AMY ADAMS vs. HAILEE STEINFELD
Amy: I swear, I’m not as terrified as I look in this picture. I think I can more than handle a match-up against some sixteen-year-old.
Hailee: Whatever. You’re basically the most boring star on any given red carpet.
Amy: Boring?! Do you call being wrapped up like a little Marchesa present BORING?
Hailee: Yeah, I do. Especially compared to my silly tee, crazy printed skirt, and platforms.
Amy: When you’re older, you’ll look back on your outfits and laugh, just like I’m doing right now.
Hailee: Bitch, please. I look amazing in this romper. And have you seen my black-strapped, nude-toed, red-platformed Mary Janes? These will be fabulous forever.
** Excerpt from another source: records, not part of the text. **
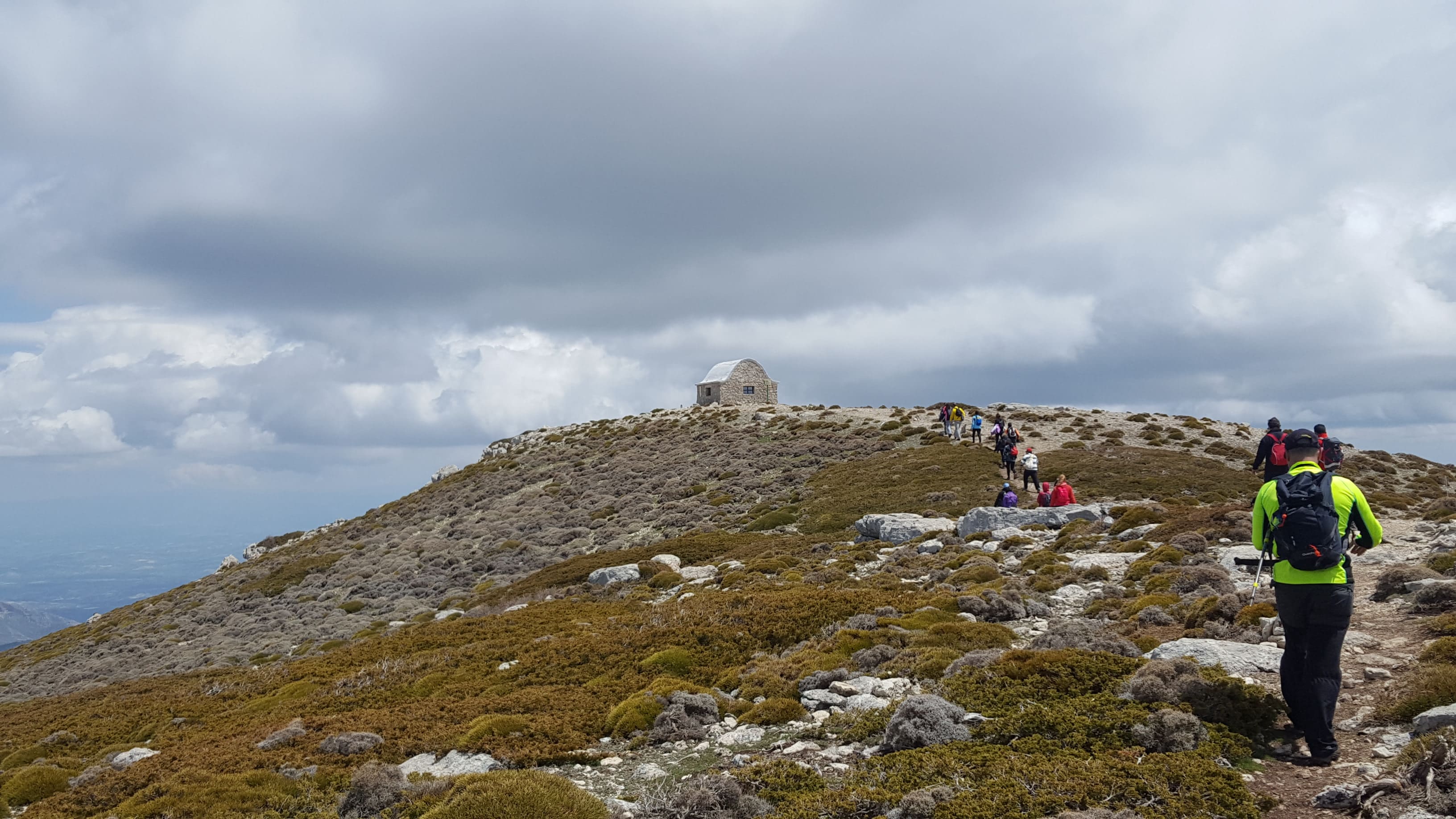rupo de senderistas recorriendo un sendero en cresta hacia una pequeña edificación en la cima, rodeados de amplias vistas del paisaje.
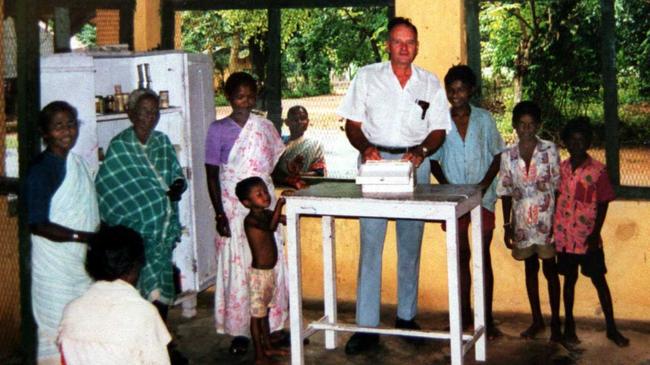 Australian missionary Graham Staines working with locals prior to being burnt to death with his two sons by anti-christian extremists in village in eastern State of Orissa, India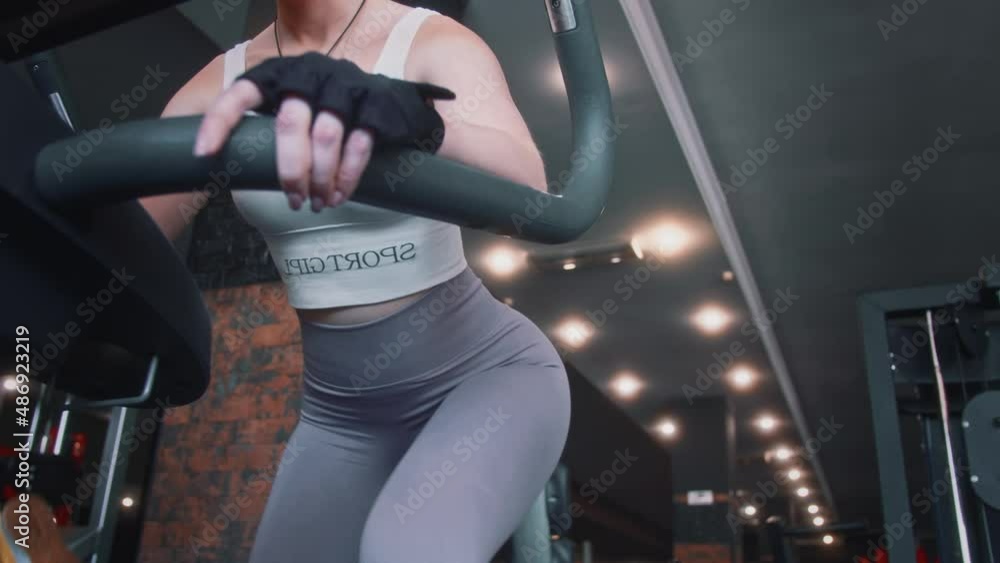 two women in tracksuits are in the gym on sports equipment, one of the women is a professional sports trainer. coach giving instructions two women in tracksuits are in the gym on sports equipment, one of the women is a professional sports trainer. coach giving instructions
Amy: No, my mermaid gown will be fabulous forever. You will just have a pirate chasing you because he’s pissed you stole his shirt.
Hailee: And you’ll have birds dressing you in the morning because you are actually indistinguishable from a Disney princess. And I don’t mean that as a compliment.
Amy: Oh, I’m the Disney princess? What about you, with your peachy-pink, bow-adorned, flower-embellished gown?
Hailee: Dude, I’m sixteen. I’m SUPPOSED to dress like this.
EMMA STONE vs. AMANDA SEYFRIED
Emma: I have to warn you, Amanda, I was the runner-up in March Fabness 2012 – that Hermione Granger bitch only beat me by a hair. So if you think you can throw on an LBD and some boring pumps, you’ve got another thing coming.
Amanda: Your shirt looks like a bib, Emma, so the trash talk isn’t exactly convincing.
Emma: Do you even own a pair of shoes that isn’t black and gigantic? I mean, you look like you’re on really ugly, stubby stilts.
Amanda: Whatever. You only wish you could rock ladypants as well as I can.
Emma: Oh, yeah? What about these fine ladypants? They sweep the floor with your floor-sweeping gown.
Amanda: Does Liza Minnelli know that you stole her outfit?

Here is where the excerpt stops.